* _Task_: Write again exactly the lines in the listing below, starting at the line with "Rusia concederá asistencia" and ending at the line with "[Busto de Dante", both included. Pictures are not copied.

* _Available records_:
[Start of Attachment]
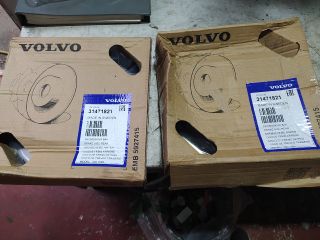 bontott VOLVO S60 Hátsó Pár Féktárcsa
[End of Attachment]
[Start of Attachment]
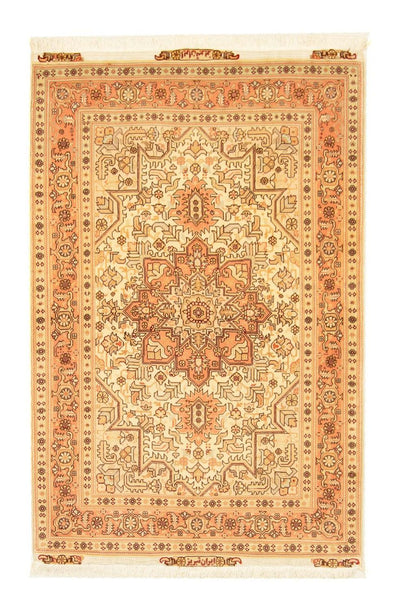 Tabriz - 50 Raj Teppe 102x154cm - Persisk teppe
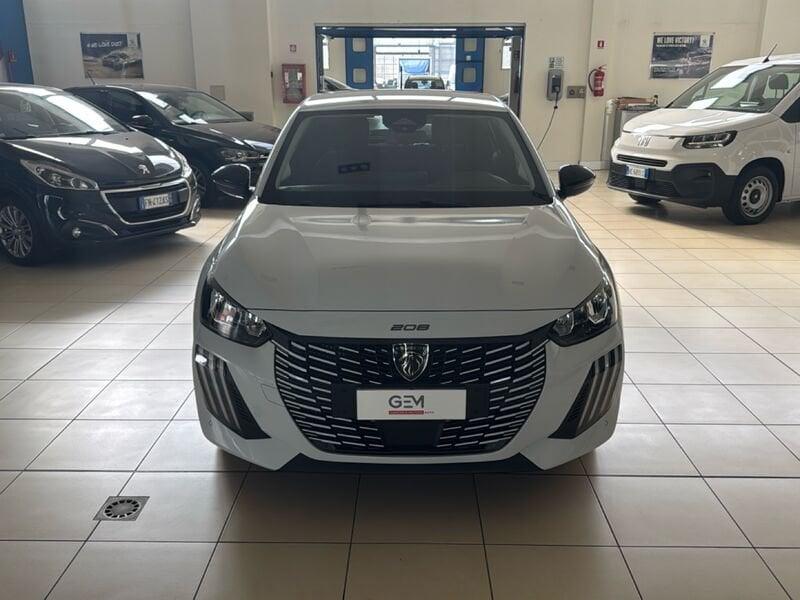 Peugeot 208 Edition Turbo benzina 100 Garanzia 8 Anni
[End of Attachment]
[Start of Attachment]
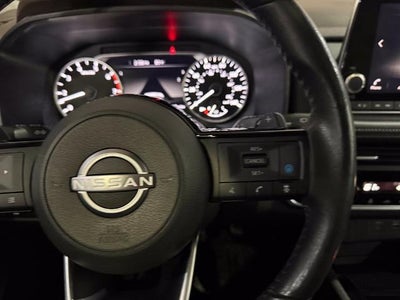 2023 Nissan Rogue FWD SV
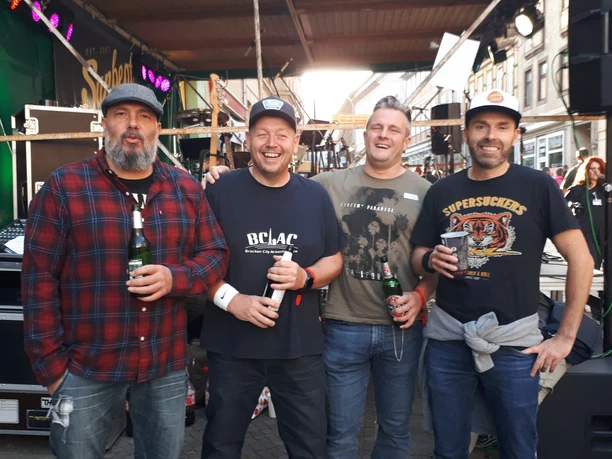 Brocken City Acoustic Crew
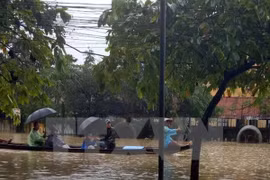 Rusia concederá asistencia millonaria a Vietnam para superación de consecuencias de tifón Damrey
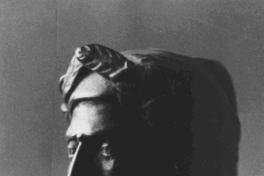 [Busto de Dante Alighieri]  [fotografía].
[End of Attachment]
* _Task answer_:
 Rusia concederá asistencia millonaria a Vietnam para superación de consecuencias de tifón Damrey
 [Busto de Dante Alighieri]  [fotografía].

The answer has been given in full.